No sooner does Jekyll thoughtfully repeat that first line then he sees a black cat lurking in the tree. He watches the cat slink down a branch. "Oh no! No!" he cries as he watches the cat kill and eat the bird. He again repeats, "Thou wast not born for death, immortal Bird" and immediately morphs into Hyde.
Like Jekyll's high spirits and resolution, the romantic moment is fleeting. Perhaps appropriately so because life in the bird world is different from life in the human world.
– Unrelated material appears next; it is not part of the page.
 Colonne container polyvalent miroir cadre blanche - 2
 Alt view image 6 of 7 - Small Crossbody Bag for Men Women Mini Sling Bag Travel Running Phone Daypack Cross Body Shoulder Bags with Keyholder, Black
Not only does everything go pear-shaped for Jekyll from there on out, but the Keats quotation itself disappeared from the story in 1941 when Victor Fleming remade the film with Spencer Tracy playing a far inferior Jekyll, Ingrid Bergman playing Ivy with a mixture of accents, and Lana Turner playing Jekyll's fiance. (In 1941, instead of quoting Keats in the park, Tracy goes a-whistling down the boulevard only to be interrupted by his gullet-clutching transformation into Hyde.)
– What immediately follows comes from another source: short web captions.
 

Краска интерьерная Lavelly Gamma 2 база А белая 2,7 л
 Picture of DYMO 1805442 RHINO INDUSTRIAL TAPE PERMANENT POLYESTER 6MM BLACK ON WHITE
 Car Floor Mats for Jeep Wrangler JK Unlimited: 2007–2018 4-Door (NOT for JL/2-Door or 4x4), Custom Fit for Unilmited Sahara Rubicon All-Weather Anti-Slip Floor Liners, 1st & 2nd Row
As brief as it is, the moment is a spectacular articulation of the film's central tragedy, for while Jekyll quotes "Ode to a Nightingale" correctly, he quotes it to a bird that is not—not as far as the amateur ornithologists in the P&PC office can tell, at least—a nightingale. (Elsewhere in the movie, Jekyll, appearing as Jekyll, calls Beatrix a "starling," so it's not unreasonable to think the "nightingale" in the park was, in fact, a starling). In the act of speaking Keats to the wrong bird, Jekyll inadvertently queers what have been—up to that point at least—two separate discourses, and it is the queering or misapplication of these discourses and their respective subject positions that precipitates the identity crisis that leads to his own demise. That is to say that his loss of control and subsequent breakdown occurs in the realm of language before it does in body or mind. It's as if in misapplying or misidentifying the referent of the Keats poem, the walls separating the dichotomies of his life—Beatrix and Ivy, body and mind, man and ape, sexual appetite and social bearing, starling and nightingale, Hyde and Jekyll—come tumbling down as well. He is, for better or worse, unable to integrate these aspects of his experience into a new subject position: the "sole self" of the poem's final stanza.
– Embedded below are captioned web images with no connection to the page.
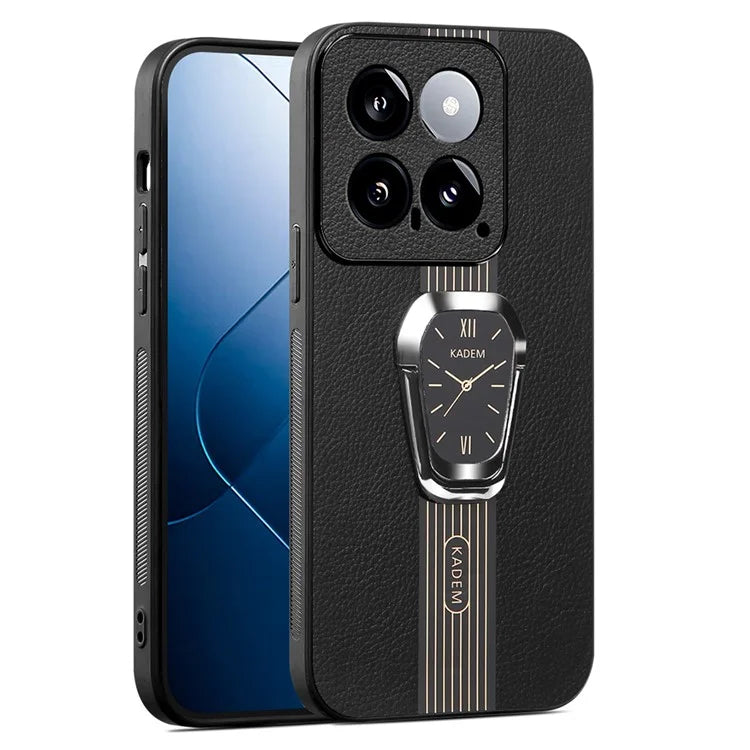 KADEM For Xiaomi 14 Cover Watch Pattern Kickstand TPU+Acrylic Phone Case with Leather Coating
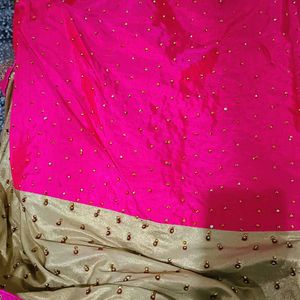 Heavy Work Pink Shimmery Saree...🔥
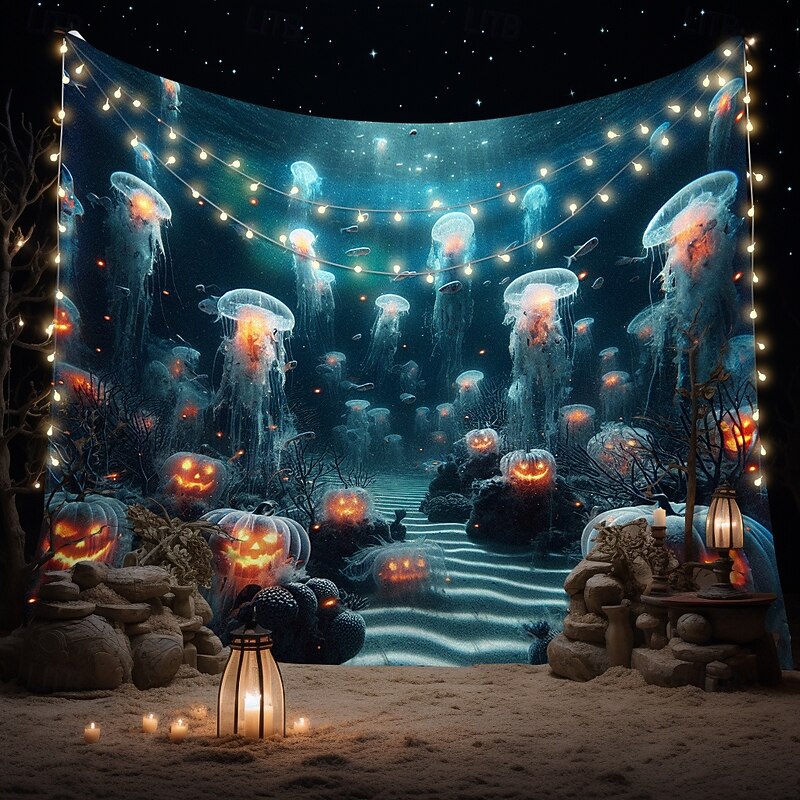 Halloween Tapestry Banners Wall Hangings Pumpkin Jellyfish Modern Dark Punk Gothic Style Party Dorm Shooting Backgrounds Home Decor4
Mamoulian's movie was made before the full enforcement of the Production Code and contains a surprising if not shocking amount of skin, violence and sexual content. To quote my nephew, "It's a little bit scary." When Metro-Goldwyn-Mayer remade Dr. Jekyll and Mr. Hyde in 1941, most of this material was cut—a cinematic repression analogous to Jekyll's repression of his sexual desire early on in the movie. But the 1941 film cut out Keats as well. Could it be that poetry is a sort of Mr. Hyde for the 1941 version? A human experience that, once given voice, precipitates all sorts of crises demanding the disintegration and reconstruction of the self? A dangerous tool in the hands of people who might misapply it, who might ask "do I wake or sleep" at the wrong time and thus see the world around them anew? We are not Keats scholars here at P&PC. Nor are we ornithologists or film critics or linguists or Lacanian psychoanalysts, but we can't shake the feeling that Mamoulian's use of "Ode to a Nightingale" is not only a sophisticated reading of the poem—an act of literary criticism taking place in Hollywood—but that other scholars and specialists would find this moment of poetry in popular culture to be rich and provocative as well, as so many are.